Robyn Hitchcock and Nick Lowe: wry, intelligent white-haired Englishmen, consummate showmen, spellbinding songwriters about the mysteries of human behavior.

Hitchcock opened the all-acoustic evening with odes to metamorphosis (“Balloon Man,” “Trilobite,” “Olé! Tarantula”) and folktales about phantasmagoric kingdoms (“Ghost Ship,” “Idonia”).
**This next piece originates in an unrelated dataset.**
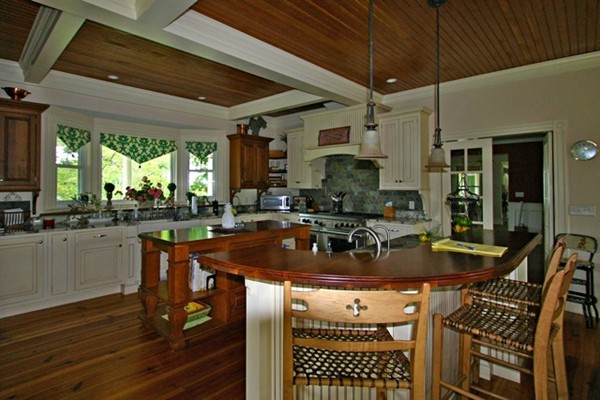 4 Mann Street Hingham, MA 02043 - Photo 9 of 23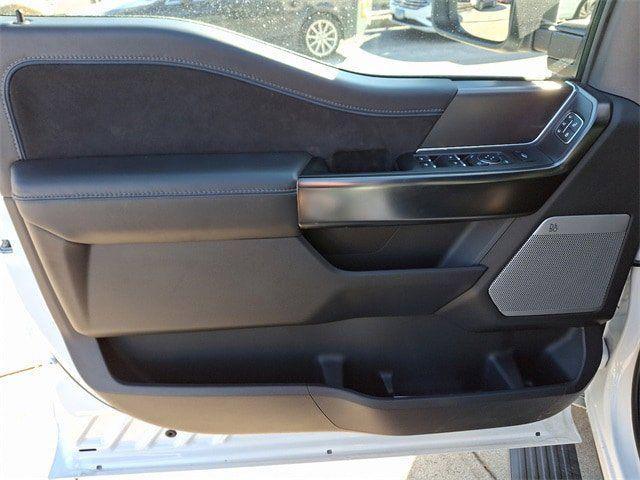 Photo of 2024 Star White Metallic Tri-Coat Ford F-150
Equally entertaining was his fantastical banter about tar pits, ocelots and meerkats, consciousness and consumerism, and an old Los Angeles where Irving Thalberg was a dentist, Louis B. Mayer an osteopath.

Lowe investigated tribulations of the heart with songs ranging from his recently reissued Jesus of Cool and Labour of Lust to The Convincer and his new At My Age. “Cruel to Be Kind” had a tangerine-haired girl swaying gleefully beside me; “(What’s So Funny ‘Bout) Peace, Love, and Understanding” had the congregation reverently singing along.

Hitchcock joined Lowe to perform Johnny Kidd & the Pirates’ “Hungry for Love,” the Beatles’ “If I Fell” and Buddy Holly’s “Peggy Sue.” This marvelous show offered abundant lessons on love, time, mortality and humanity.